Description of problem

Despite no change in libvirt code, macOS 11 CI jobs suddenly started failing QEMU tests

The last working job was:

https://gitlab.com/libvirt/libvirt/-/jobs/2361318722

The first broken job was:

https://gitlab.com/libvirt/libvirt/-/jobs/2364132896

The git commit HEAD is the same in both jobs. The logs show, however, that glib was updated from 2.72.0 to 2.72.1

Running a job with --print-errorlogs:

https://gitlab.com/berrange/libvirt/-/jobs/2376891003

we see all the tests failing are printing

(process:50961): GLib-WARNING **: 01:56:14.162: poll(2) failed due to: Bad file descriptor.

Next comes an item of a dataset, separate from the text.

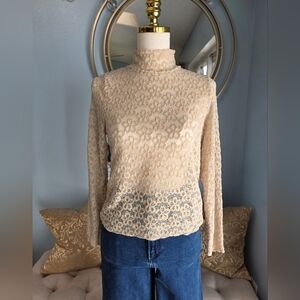 Line & Dot Crossroads Lace Blouse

If I look in glib2 git logs I see

https://gitlab.gnome.org/GNOME/glib/-/merge_requests/2571

commit 2215c88d76f944d5ed38a26fbe79a20e5e16bfe6
Merge: 01a1caa93 be5acbb5e
Author: Philip Withnall <philip@tecnocode.co.uk>
Date:   Mon Mar 28 11:59:59 2022 +0000

    Merge branch 'macos-broken-poll' into 'main'
    
    meson: Set BROKEN_POLL in macOS builds
    
    See merge request GNOME/glib!2571

IOW, glib switched from using macOS native poll to using select to emulate poll.

A key difference between these impls is handling of bad file descriptors. With a real poll impl, it will succeed and fill POLLNVAL as the event type, with a select based emulation, it will fail with EBADF errno.

I suspect this is a genuine latent bug in libvirt. We're likely prematurely closing a file descriptor and previously this was harmlessly reporting POLLNVAL which we're probably ignoring, but now it is causing the fatal EBADF.